La patologia più frequente in ambito cardiovascolare è rappresentata dalla cardiopatia ischemica, di cui la più importante manifestazione clinica è costituita dall’infarto del miocardio.

Tra le complicanze tardive di tale evento la più frequente è lo sviluppo di un aneurisma del ventricolo sinistro, che in relazione alle differenti esperienze presenti in Letteratura, ha un’incidenza compresa tra l’1,8 ed il 38% dei pazienti sopravvissuti ad un infarto miocardico acuto. Angina pectoris, scompenso cardiaco, tachiaritmie ventricolari ed episodi trombo-embolici rappresentano classicamente le indicazioni all’intervento chirurgico.

La tecnica chirurgica utilizzata ha subito discreti sviluppi nel corso degli anni, ed attualmente vengono proposte sia le classiche “suture lineari” ed “endoventricoloplastiche con impianto di patch” sia la più recente “endoventricoloplastica a cuore battente con sutura diretta”.

Secondo l’esperienza personale quest’ultima appare sicuramente più completa, e presenta innegabili vantaggi quali quello di poter realizzare l’intervento senza procedere all’arresto cardiaco.
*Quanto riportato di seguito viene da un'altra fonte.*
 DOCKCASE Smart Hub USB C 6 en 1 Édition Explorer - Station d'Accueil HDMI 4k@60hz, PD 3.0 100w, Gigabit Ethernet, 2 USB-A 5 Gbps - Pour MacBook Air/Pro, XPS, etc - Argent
In genere nella prima parte dell’intervento si effettuano i bypass coronarici, a cuore battente e senza la Circolazione Extracorporea (CEC); successivamente con l’ausilio della CEC si effettua, sempre a cuore battente, la ventricolotomia; quindi si passa all’esplorazione endocardica che consente prima di “vedere” e successivamente di “sentire” direttamente con l’esplorazione digitale il colletto anatomico (che non è il colletto elettrico) dell’aneurisma.
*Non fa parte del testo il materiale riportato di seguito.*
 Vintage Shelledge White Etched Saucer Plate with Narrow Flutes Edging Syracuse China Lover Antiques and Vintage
Fig 1 : Ventricolotomia sinistra a cuore battente: si effettua il mappaggio elettro-anatomico mediante CARTO

Questi pazienti, indipendentemente dal tipo di ricostruzione ventricolare che ricevono, presentano già o sviluppano in seguito minacciose aritmie ventricolari che condizionano la durata e la qualità di vita; si impone quindi una buona collaborazione tra cardiochirurgo ed elettrofisiologo, che inizia già con una discussione del paziente all’ingresso in reparto, secondo un protocollo dedicato finalizzato al trattamento completo della malattia; è opportuno a nostro avviso effettuare prima dell’intervento uno studio elettrofisiologico, escludendo i pazienti con specifiche controindicazioni, quali ad esempio la presenza di un trombo apicale; e dopo la ventricolotomia, a cuore battente, effettuare una identificazione delle aree cicatriziali aritmogene, sede di circuiti di rientro sostenenti le tachiaritmie maligne mediante mappaggio elettro-anatomico (CARTO) epi ed endocardico in RS.

Fig 2A e 2B: mappa bipolare endocardica; in questo caso è visualizzata la scar area e se modifichiamo i livelli di cut off dei voltaggi si evidenziano i canali da rientro

Successivamente si effettua la crioablazione delle aree aritmogene e del colletto “elettrico”;  si completa poi la ricostruzione della geometria ventricolare mediante suture ventricolari semplici: a doppia  borsa di tabacco per l’apice cardiaco o lineari per le restanti pareti cardiache; al termine si effettua un controllo intraoperatorio del risultato ottenuto, ancora mediante CARTO. E prima della dimissione dal reparto si ripete uno studio elettrofisiologico al fine di verificare l’efficacia della crioablazione.

L’esperienza personale mi porta a ritenere completo questo tipo di approccio, che non tiene solo conto dell’aspetto chirurgico in senso stretto, ma anche dall’importanza dell’aspetto elettrico; un approccio combinato cardiochirurgo-elettrofisiologo porta mediante CARTO alla identificazione prima ed all’applicazione di terapia ablativa (crioablazione) poi di tutte le aree cicatriziali, sedi di circuiti di rientro, che se ignorate condizionano in maniera significativa la qualità e la durata di vita di questi pazienti.